The Polemics Visualised project is a Network Institute Academy Assistants project, in this program scientists from different disciplines are brought together; every project combines methods & themes from informatics, social sciences and/or humanities. The Polemics Visualised project brings together researchers from Biblical Studies and Computational Linguistics.
The purpose of the Polemics Visualised pilot project is to explore the possibilities of computational linguistics and natural language processing for use in theological research of Classical Syriac texts. More specifically, we would like to answer the question whether Ephrem the Syrian, who wrote extensive polemics against Bardaisan, a theologian living two centuries earlier, was indeed discussing the same issues as Bardaisan addressed in his only remaining work.
Syriac, a language from the Aramaic family, has been the lingua franca of the Middle East for centuries. Many important theological documents from the period of the formation of the early church have been written in Syriac. These texts form a considerably large corpus, for example the published works of Ephrem the Syrian already exceed 500,000 words. The theological study of textual corpora of such size would benefit greatly from computational analysis of these texts.

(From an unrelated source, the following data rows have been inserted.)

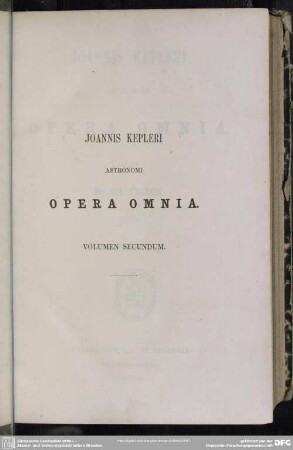 2: Joannis Kepleri astronomi opera omnia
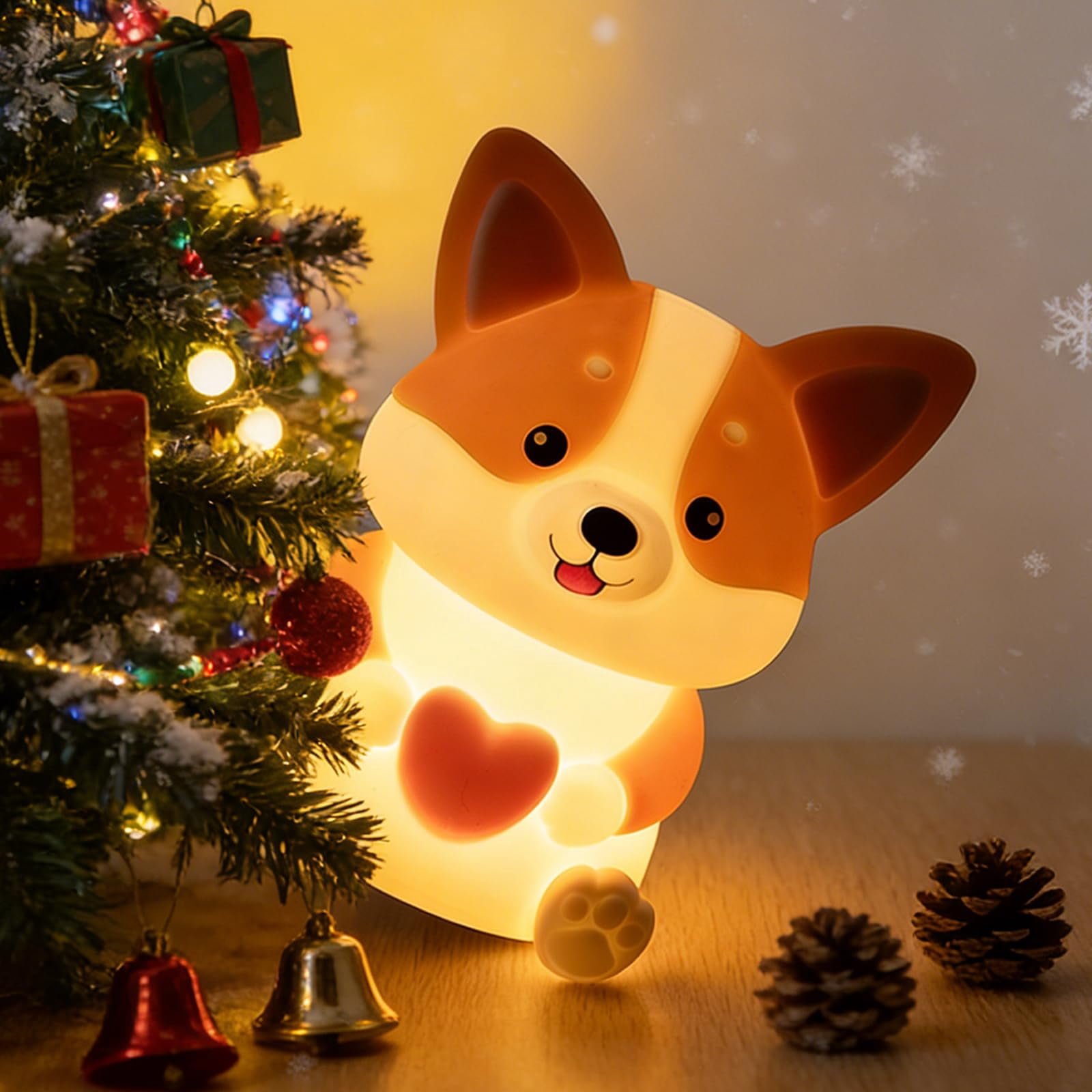 Cute LED Dog Night Light for Kids, Squishy Silicone Puppy Lamp with ...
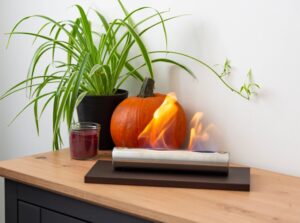 Bio ethanol freestanding tabletop fireplace burner with wool insert - BROWN - Image 4
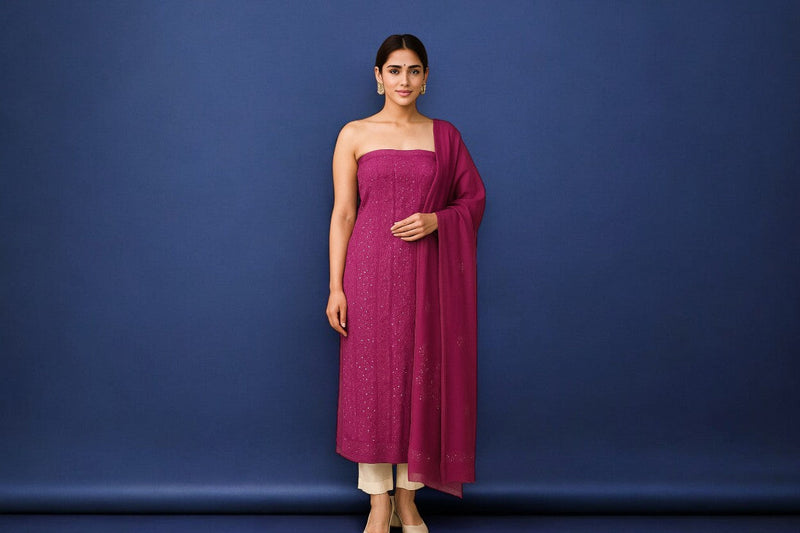 Hand Embroidered Chikankari Unstitched Fabric – Pure Cotton Material by Handkari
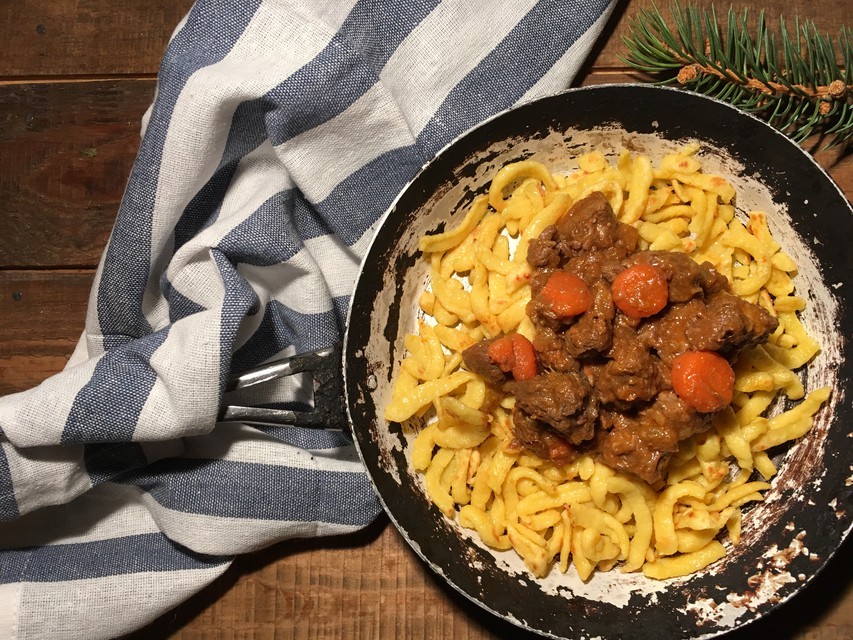 Kančí ragú a pastiňákové špecle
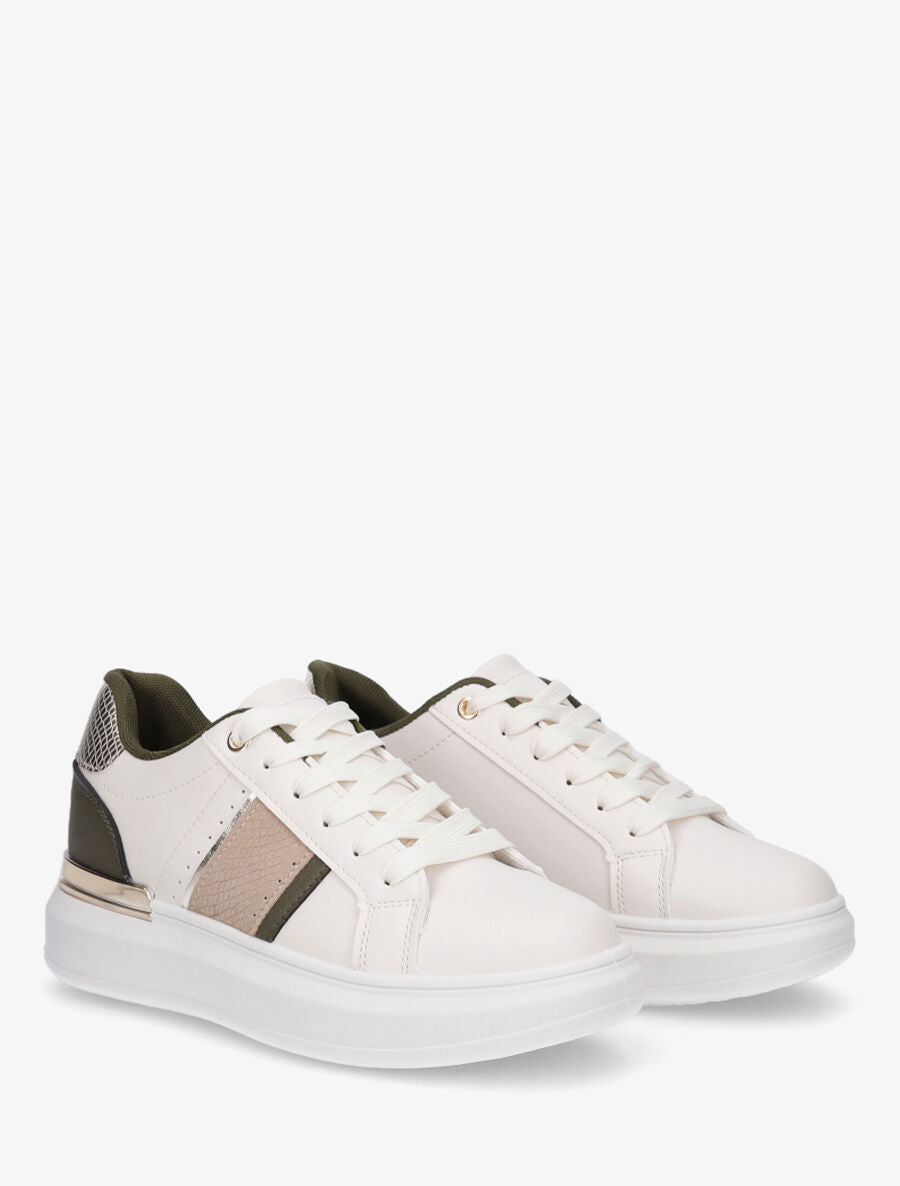 Sneakers compensées à empiècement métal - Vert - 4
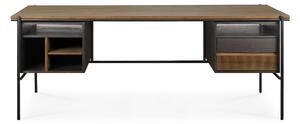 Ethnicraft - Oscar Desk 200x90 2 Drawers - Teak - Skrivbord - Alain Van Havre - Träfärgad - Trä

So far, we have successfully trained a tokenizer using Apache OpenNLP and the annotated Syriac resources available at the Eep Talstra Center for Bible and Computer. With the resulting model we succeeded in recognizing 96% of word boundaries in the test data . We then used our tokenizer on the unannotated text of Ephrem, and with the resulting data and that of Bardaisan’s annotated work we trained an LDA topic model. The resulting topic model yields some sensible topic-document relations, but not sufficiently useful to aid in finding answers to questions such as the example mentioned above. We now aim to improve the results by morphological and part of speech tagging of the data, which would allow more efficient filtering of the input data for the topic analysis algorithm. Hannes Vlaardingerbroek, Marieke van Erp, Wido van Peursen (2015) Polemics Visualised: experiments in Syriac text comparison. Computational Linguistics in the Netherlands, Antwerp, February 2015.